* **Recorded data**:
====================

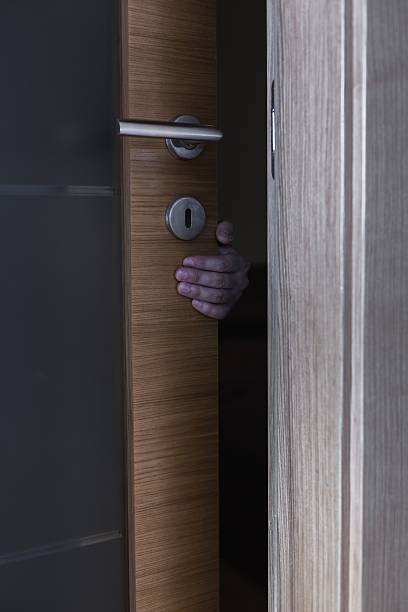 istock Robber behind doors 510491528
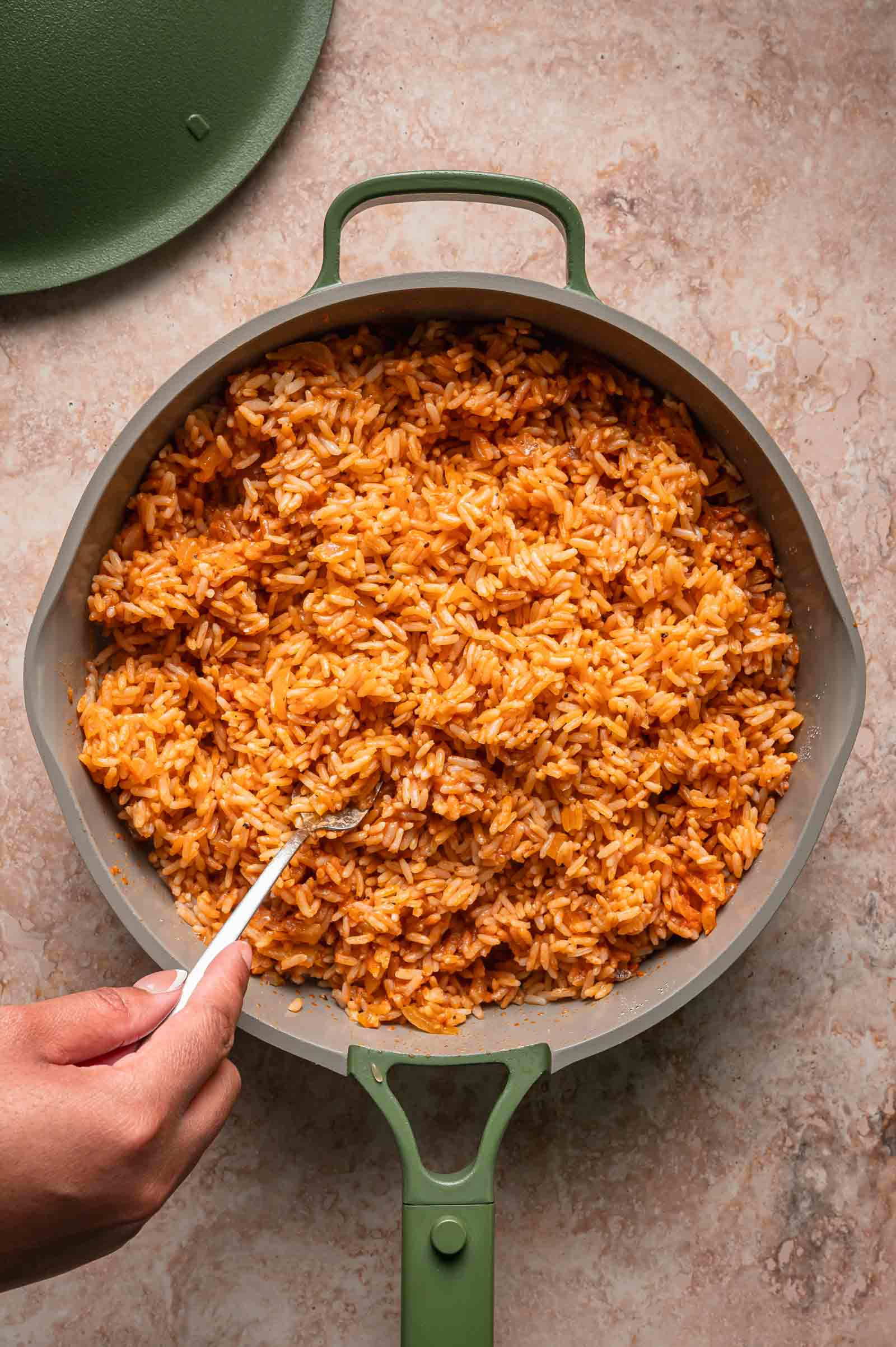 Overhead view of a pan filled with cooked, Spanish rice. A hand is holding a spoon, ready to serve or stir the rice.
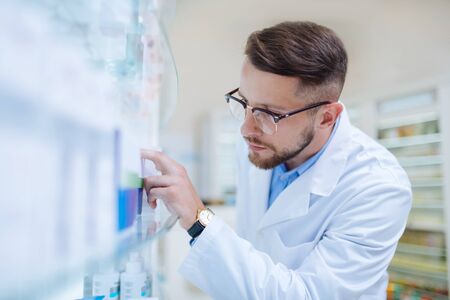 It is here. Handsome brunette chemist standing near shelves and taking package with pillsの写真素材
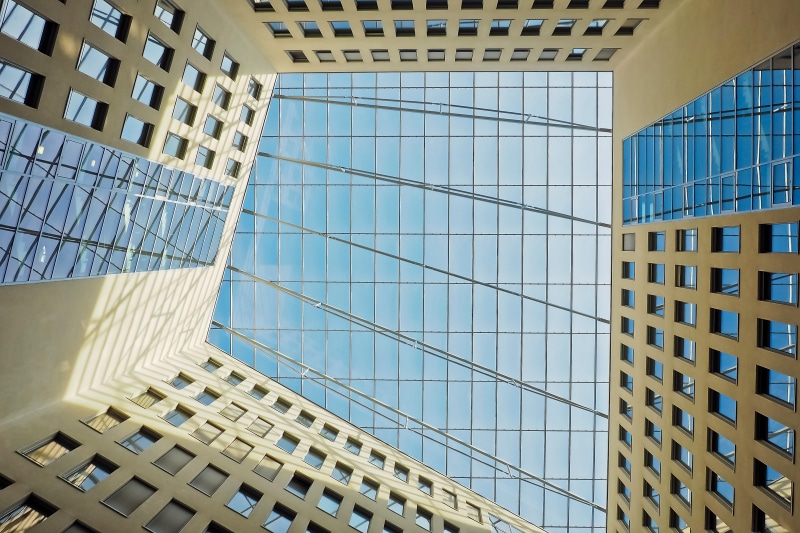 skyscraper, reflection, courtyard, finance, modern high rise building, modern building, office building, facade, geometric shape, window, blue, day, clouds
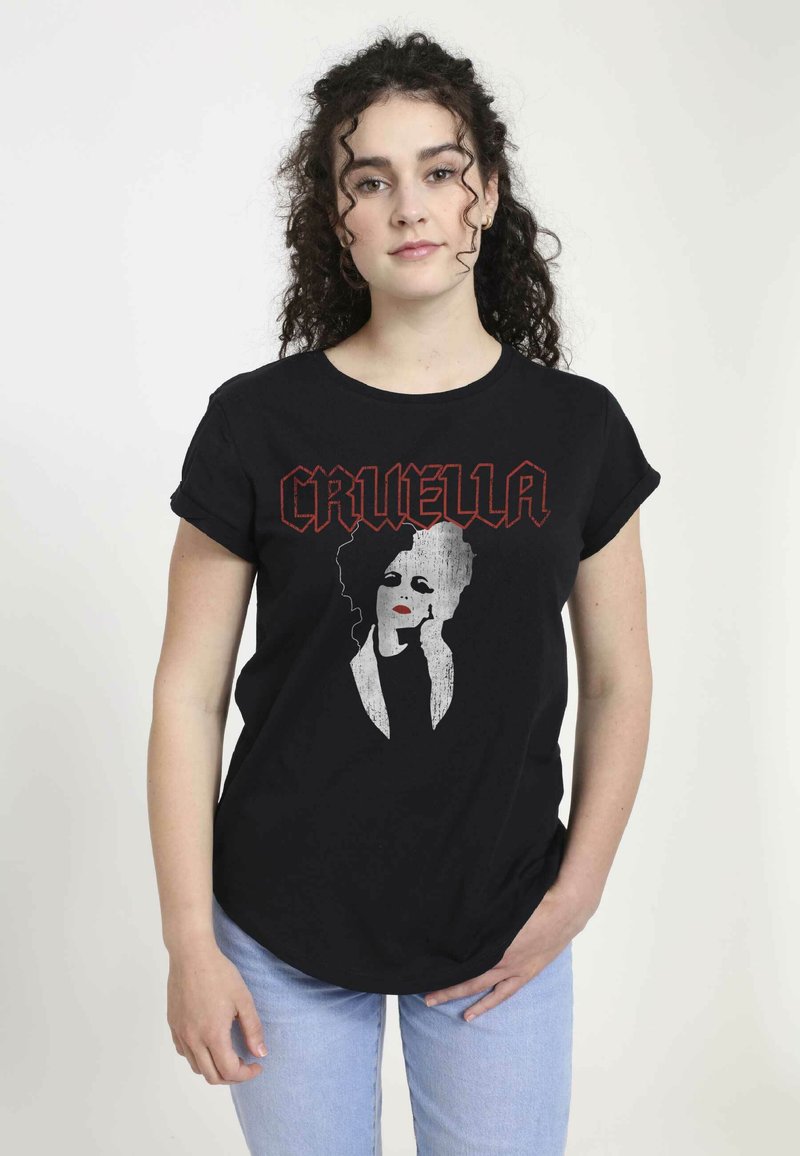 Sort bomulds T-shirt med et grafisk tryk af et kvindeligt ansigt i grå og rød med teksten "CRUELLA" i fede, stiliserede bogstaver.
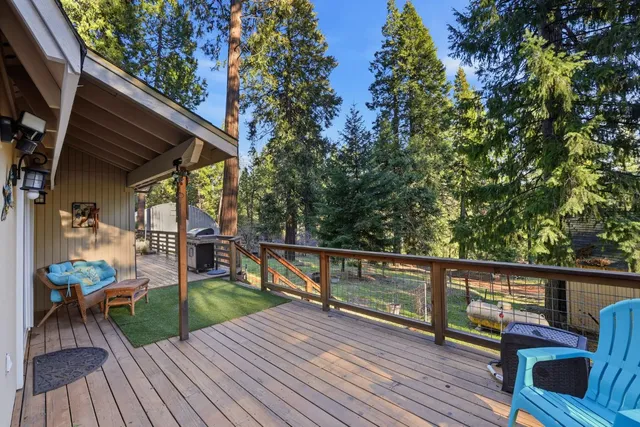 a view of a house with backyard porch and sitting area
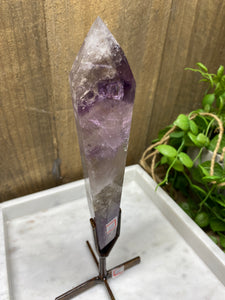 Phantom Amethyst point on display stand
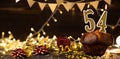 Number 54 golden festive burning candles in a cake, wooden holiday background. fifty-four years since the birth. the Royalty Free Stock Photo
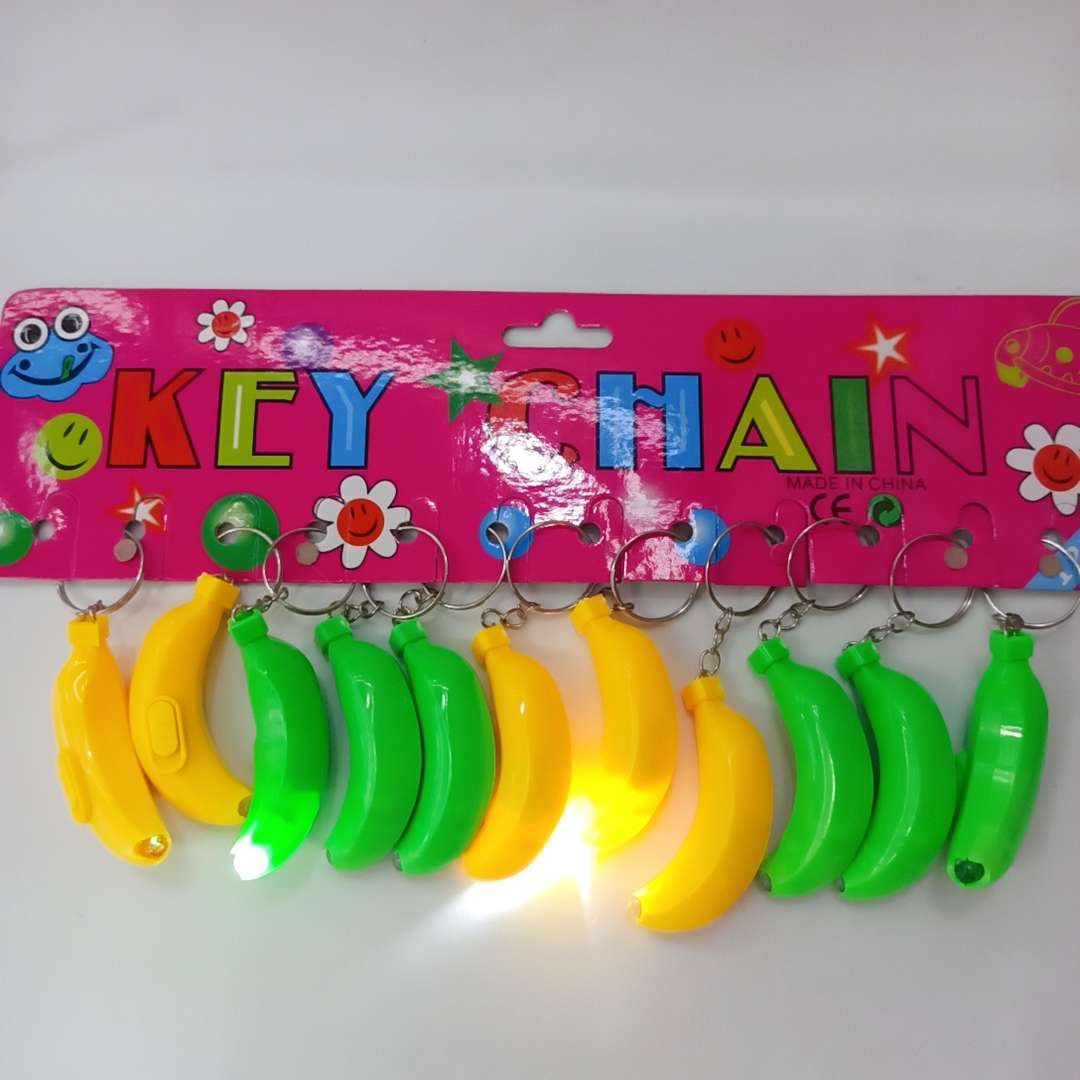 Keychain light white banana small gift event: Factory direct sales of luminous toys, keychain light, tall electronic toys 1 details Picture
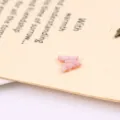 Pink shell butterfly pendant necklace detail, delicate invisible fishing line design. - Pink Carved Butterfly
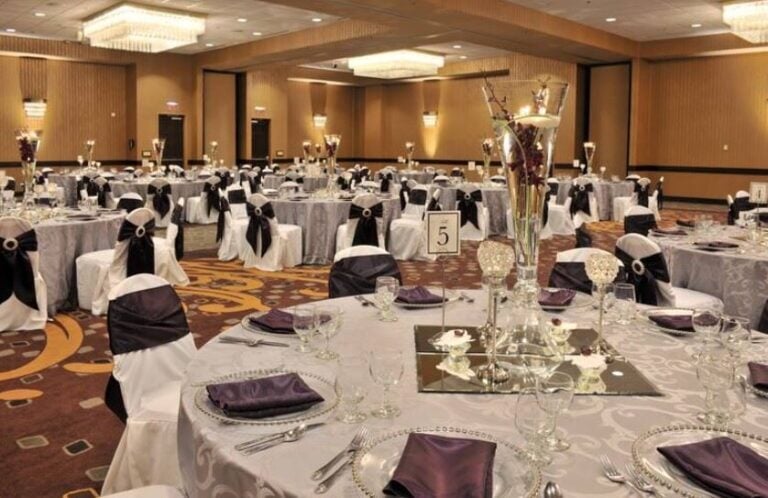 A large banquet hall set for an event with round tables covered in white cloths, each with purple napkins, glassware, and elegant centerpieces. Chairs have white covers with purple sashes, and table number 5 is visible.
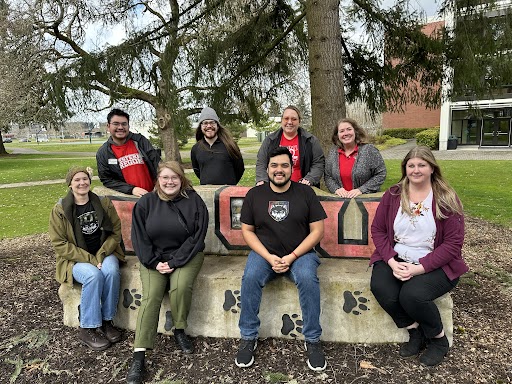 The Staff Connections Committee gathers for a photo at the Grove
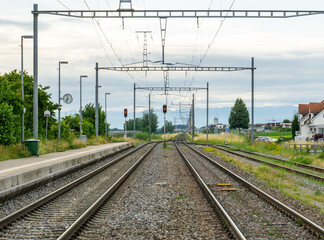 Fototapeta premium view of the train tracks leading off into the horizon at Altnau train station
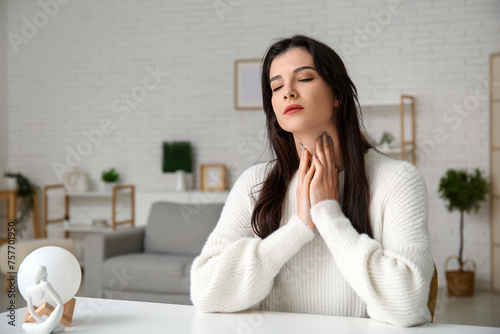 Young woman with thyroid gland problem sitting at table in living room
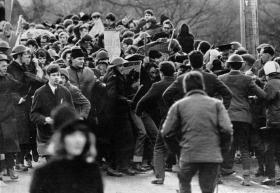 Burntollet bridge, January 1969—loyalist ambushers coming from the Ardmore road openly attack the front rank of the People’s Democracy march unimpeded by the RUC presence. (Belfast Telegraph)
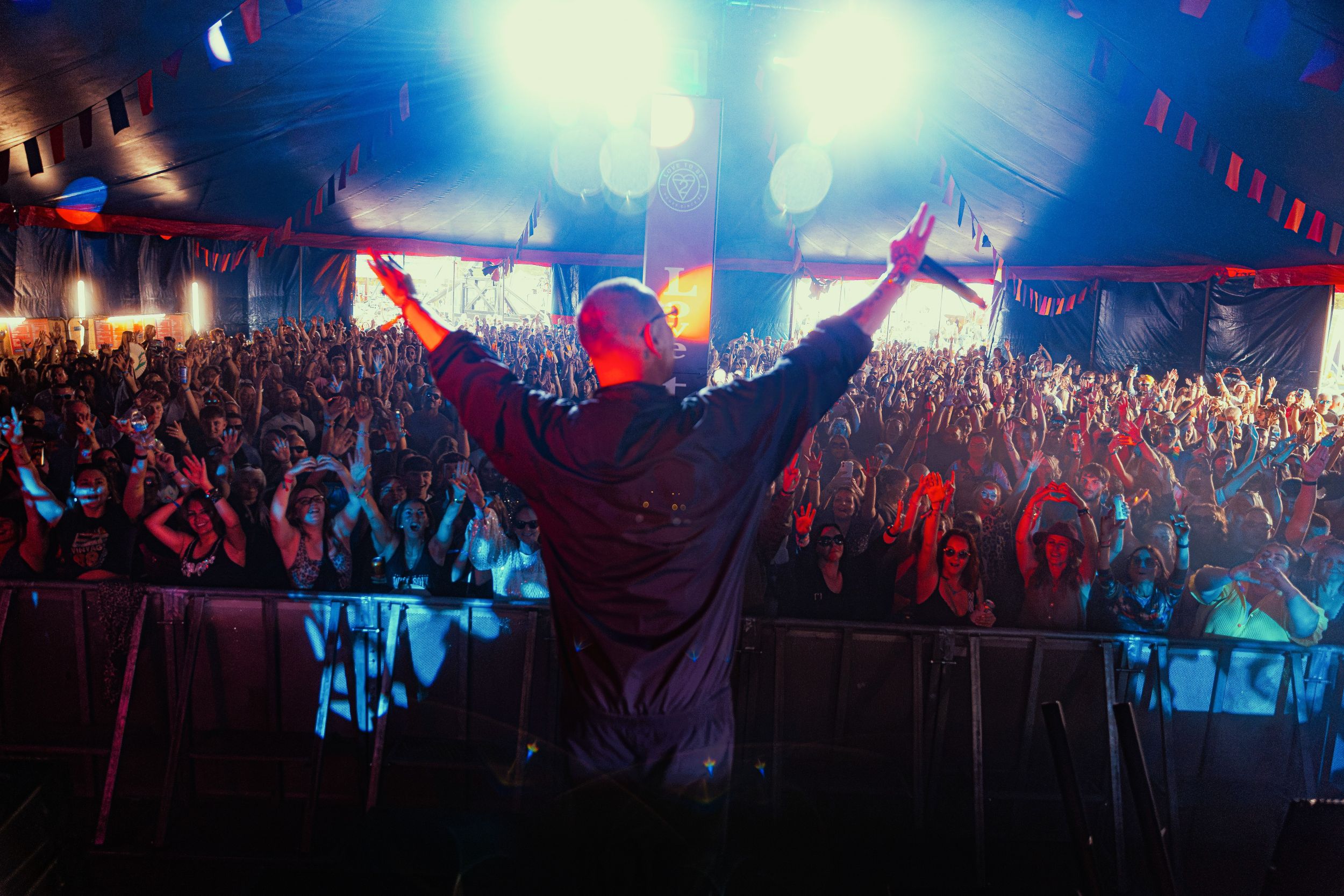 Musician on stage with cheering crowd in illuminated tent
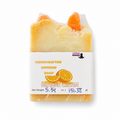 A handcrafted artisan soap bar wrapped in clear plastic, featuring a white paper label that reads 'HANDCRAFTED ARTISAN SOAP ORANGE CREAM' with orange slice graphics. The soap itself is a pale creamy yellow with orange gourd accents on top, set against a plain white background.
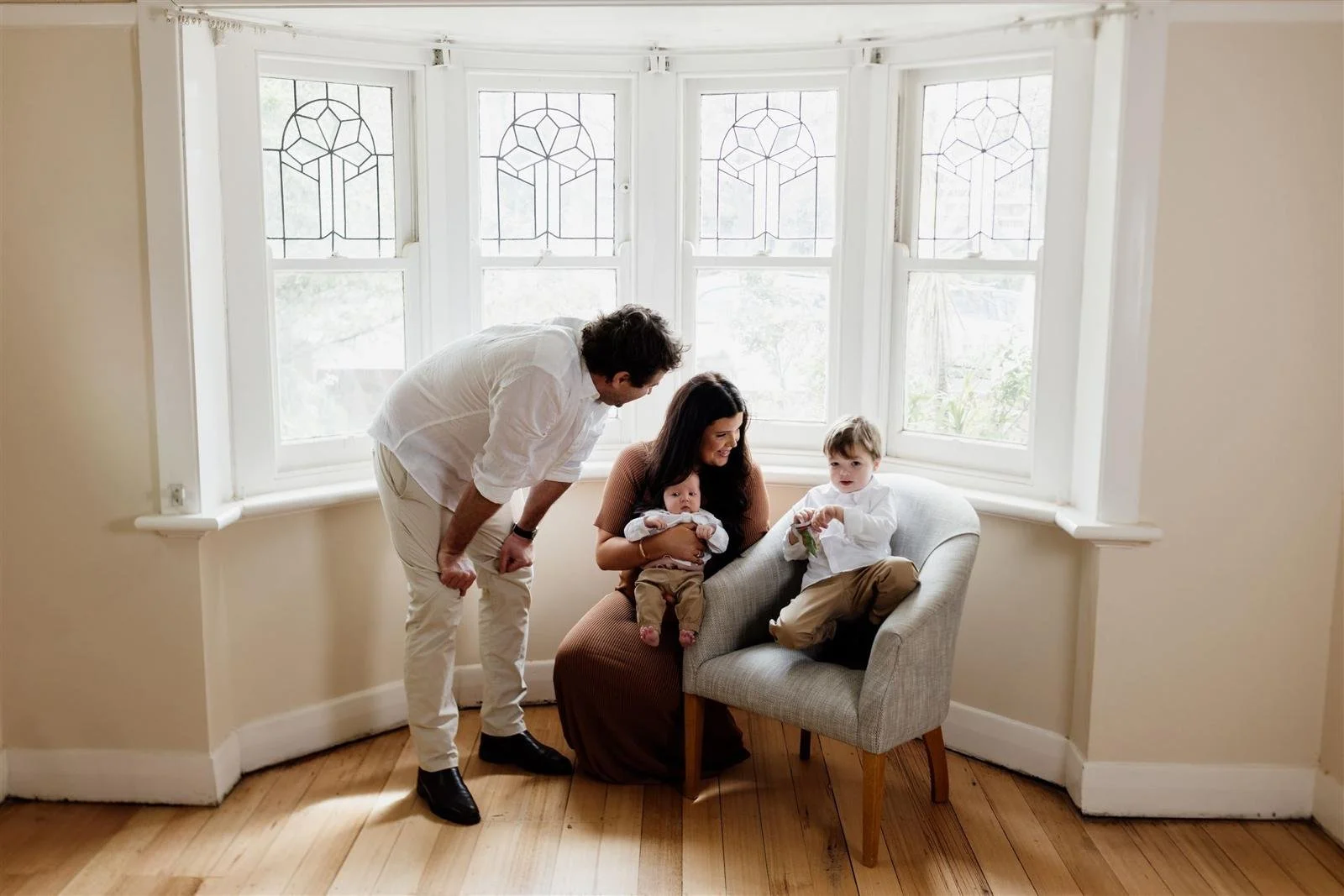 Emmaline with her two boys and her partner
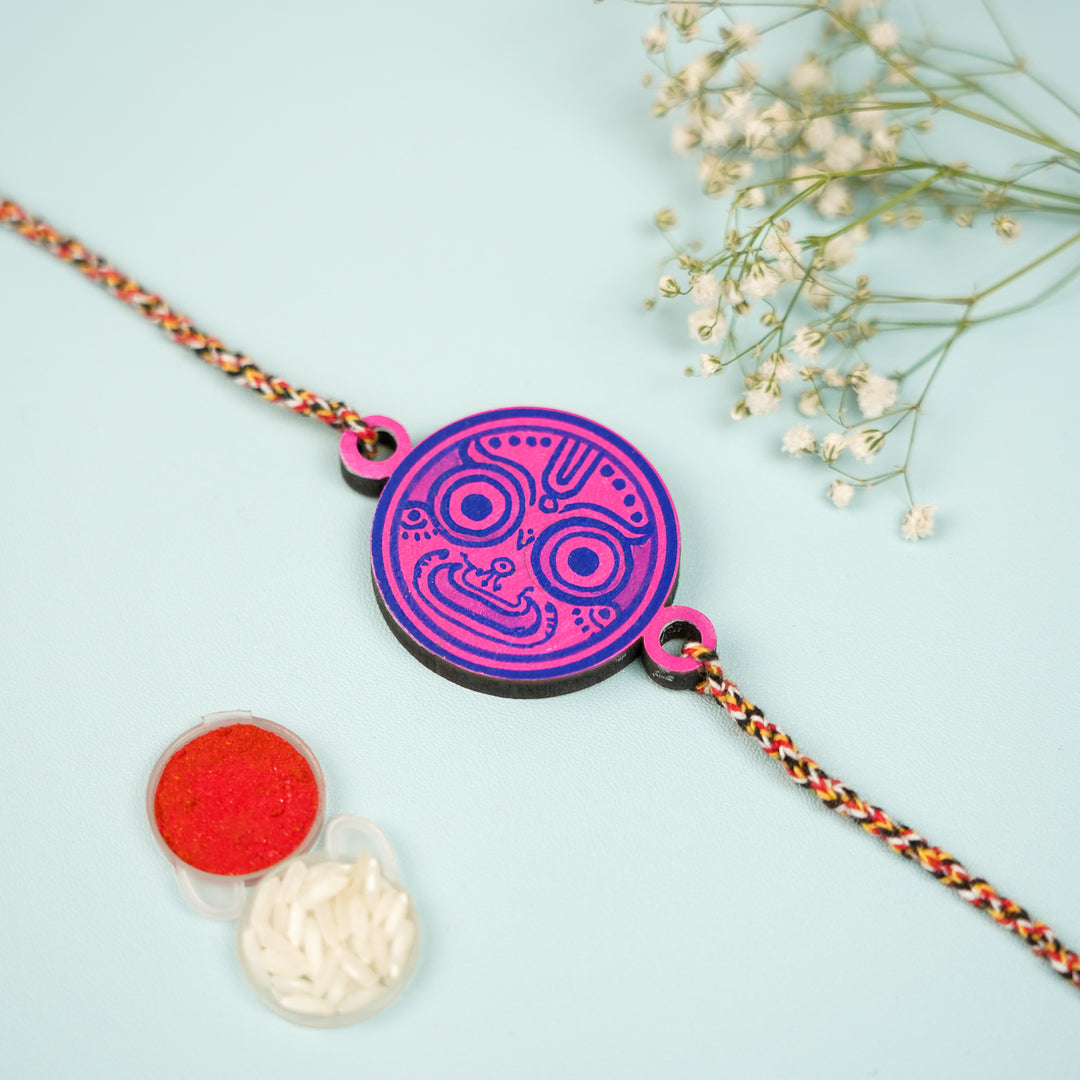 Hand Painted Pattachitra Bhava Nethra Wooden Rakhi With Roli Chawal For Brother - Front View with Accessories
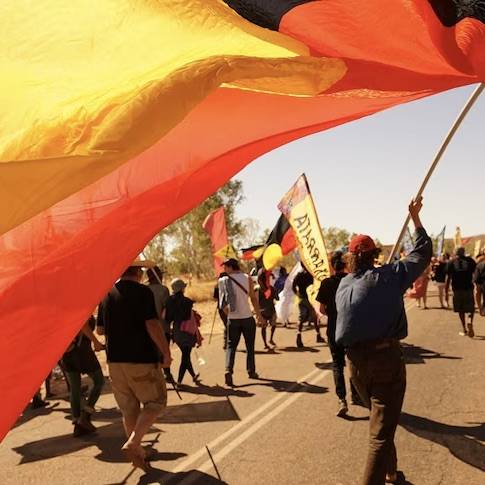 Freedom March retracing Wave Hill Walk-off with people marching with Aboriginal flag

====================

* **What you need to do**:
Starting at the first line of the records above, set down each line exactly through the one that holds "Number 54 golden". Omit pictures.

* **Result**:
 istock Robber behind doors 510491528
 Overhead view of a pan filled with cooked, Spanish rice. A hand is holding a spoon, ready to serve or stir the rice.
 It is here. Handsome brunette chemist standing near shelves and taking package with pillsの写真素材
 skyscraper, reflection, courtyard, finance, modern high rise building, modern building, office building, facade, geometric shape, window, blue, day, clouds
 Sort bomulds T-shirt med et grafisk tryk af et kvindeligt ansigt i grå og rød med teksten "CRUELLA" i fede, stiliserede bogstaver.
 a view of a house with backyard porch and sitting area
 Phantom Amethyst point on display stand
 Number 54 golden festive burning candles in a cake, wooden holiday background. fifty-four years since the birth. the Royalty Free Stock Photo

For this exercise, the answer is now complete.